The Alberta Law Enforcement Response Teams, known as ALERT, is a specialized law enforcement agency that targets gangs, drugs, domestic violence and human trafficking. The unit seized 18,010 fentanyl pills and charged 503 members of organized crime last year.
Created with the help of a $42.2-million grant from the federal government that expired in 2014, ALERT has seen provincial funding fall by one-third over the past three years.
The policing unit has warned the Alberta government that unless the budget reductions are reversed, the agency will need to cut 70 of its 268 positions next year. The unit's budget was $47.2-million last year, $31-million of which came from Alberta . Most of the shortfall was covered by the last of its federal funds.
The cuts could have serious consequences at a time when ALERT has been one of the leading agencies in a province confronting fentanyl, a powerful opioid that has been responsible for 213 deaths over the first nine months of 2015.
"We're preparing for the cuts. It'll have an impact on all of our areas of operation," said ALERT spokesman Mike Tucker. The nine-year-old agency has already left some positions empty as it has started to run out of money.
Alberta Justice Minister Kathleen Ganley said that following an audit of the policing unit, her office is engaged in a conversation about whether her ministry will continue to fund ALERT. She promised that a decision about the future level of provincial funding, if any, "would come in the normal course of budgeting."
Speaking in the provincial legislature, the minister tried to play down the risk of 70 officers being cut at the policing agency. "I don't think we're in a position where that's what the outcome will be," she said. "ALERT is made up of specialized teams, so it kind of depends on how that plays out."
With officers seconded from the RCMP and five of Alberta's largest police forces, ALERT is divided into teams that target organized crime, child exploitation, illegal activities in communities and domestic violence.
Cuts to any of those teams could have tragic consequences ranging from more guns on the streets to more drug deaths, according to William Pitt, a former RCMP officer and former criminology professor at the University of Alberta.
"The timing couldn't be worse. You're going to have more people dying from fentanyl," Mr. Pitt said. "This is a big mistake, a bonanza. It's a signal that organized crime can entrench itself because law enforcement is pulling back."
Edmonton police Deputy Chief Brian Simpson said that a decrease in ALERT's operations would leave a gap in the policing of Alberta's capital city and could worsen a situation in which violent crime is up 12 per cent compared with last year.
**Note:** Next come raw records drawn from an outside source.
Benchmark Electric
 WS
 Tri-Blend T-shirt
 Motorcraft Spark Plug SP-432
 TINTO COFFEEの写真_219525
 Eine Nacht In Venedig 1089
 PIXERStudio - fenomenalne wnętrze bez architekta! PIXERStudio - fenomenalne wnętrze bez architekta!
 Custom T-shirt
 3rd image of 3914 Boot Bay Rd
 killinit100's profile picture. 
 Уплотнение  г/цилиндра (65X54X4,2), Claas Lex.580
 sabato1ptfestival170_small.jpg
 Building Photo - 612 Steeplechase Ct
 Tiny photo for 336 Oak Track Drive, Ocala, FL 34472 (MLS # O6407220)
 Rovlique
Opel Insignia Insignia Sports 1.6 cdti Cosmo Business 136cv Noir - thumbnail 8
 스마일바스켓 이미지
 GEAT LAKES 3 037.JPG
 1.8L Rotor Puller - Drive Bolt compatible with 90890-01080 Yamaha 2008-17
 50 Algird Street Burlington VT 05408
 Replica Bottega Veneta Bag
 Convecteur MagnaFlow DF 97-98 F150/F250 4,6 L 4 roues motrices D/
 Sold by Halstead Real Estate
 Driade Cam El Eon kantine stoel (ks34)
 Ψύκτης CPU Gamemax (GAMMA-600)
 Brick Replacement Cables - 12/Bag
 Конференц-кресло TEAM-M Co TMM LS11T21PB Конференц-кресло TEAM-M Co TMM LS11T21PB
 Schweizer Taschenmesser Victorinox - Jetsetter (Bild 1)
"The work isn't going away. We are seeing a significant increase in the crime issues we are dealing with. A change, in terms of resources, will exacerbate that problem," Deputy Chief Simpson said.
While combatting a spike in property and violent crime, as well as fentanyl deaths, Edmonton's police force has had to stretch resources and create a counter-terrorism unit over the past year. That has led to a policing strategy that Deputy Chief Simpson warned is now "reactive."
A $400-million federal Police Officer Recruitment Fund was established in 2008 as part of the then-Conservative government's crime agenda. The fund was meant to add 2,500 police officers across Canada and led to the creation of a number of specialized units, including ALERT and the Éclipse anti-gang unit in Montreal.
The expiration of that fund became a campaign issue during this year's federal election. In August, before he was elected Prime Minister, Liberal Leader Justin Trudeau said he approved of a proposal by the federal NDP to create a new $250-million recruitment fund over four years, followed by $100-million in annual funding.
Officials from the federal Department of Public Safety could not respond to questions on Wednesday about whether Mr. Trudeau still intended to create the fund.